From ISO 200 to 400, I saw virtually no noise, although there was digital "grain" by ISO 800 and pronounced grain by ISO 1600. However, the ISO 1600 grain was not as bad as the grain I've seen from cameras with smaller sensors, and prints shot at ISO 1600 will still hold up.

Auto white balance was generally accurate except under incandescent light, where I found color could shift to yellow under certain circumstances. The manual white balance modes all seemed to work well.

Impressions and buying advice

The bottom line for this camera? It does indeed deliver real DSLR performance as advertised.

If you're a snapshooter looking to move up into more serious photography, I wholeheartedly recommend the Nikon D50 as an excellent starting point. If you can't decide between a low-end DSLR and an EVF camera, let me make it really easy for you: buy the DSLR--you'll have much more flexibility in the long run, with the ability to add a wide range of lenses and flashes. In other words, a DSLR like the D50 gives beginners room to grow. And, since DSLRs have larger image sensors than most EVFs, you'll get better image quality in general, even if the pixel count is smaller.

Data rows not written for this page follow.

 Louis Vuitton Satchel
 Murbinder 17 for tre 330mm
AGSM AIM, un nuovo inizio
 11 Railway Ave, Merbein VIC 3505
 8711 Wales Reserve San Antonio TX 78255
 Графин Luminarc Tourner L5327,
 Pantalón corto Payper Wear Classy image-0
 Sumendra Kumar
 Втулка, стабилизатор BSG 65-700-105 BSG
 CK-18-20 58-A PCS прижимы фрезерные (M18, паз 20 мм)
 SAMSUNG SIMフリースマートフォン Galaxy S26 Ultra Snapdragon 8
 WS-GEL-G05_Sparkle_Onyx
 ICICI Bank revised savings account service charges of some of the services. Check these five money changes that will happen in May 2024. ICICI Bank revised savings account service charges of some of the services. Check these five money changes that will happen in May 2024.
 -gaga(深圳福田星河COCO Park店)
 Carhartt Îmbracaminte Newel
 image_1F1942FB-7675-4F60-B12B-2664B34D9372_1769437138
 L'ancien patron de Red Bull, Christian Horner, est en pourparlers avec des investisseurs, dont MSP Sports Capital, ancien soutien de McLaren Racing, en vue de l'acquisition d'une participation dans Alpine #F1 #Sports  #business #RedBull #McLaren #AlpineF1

If you're a pro or enthusiast, this camera is not meant to hold up to the rigors of heavy use, and lacks some high-end features, like true spot metering and off-camera flash control--but it will work in a pinch. So if you're looking for a back-up body, remember this camera has a metal chassis--and a metal lens mount, as well as most of the Nikon features you've come to know and love.

Of course, all of this can change next month at the annual PMA photo trade show in Orlando, Florida. But at least for now, the Nikon D50 offers more than enough bang for the buck.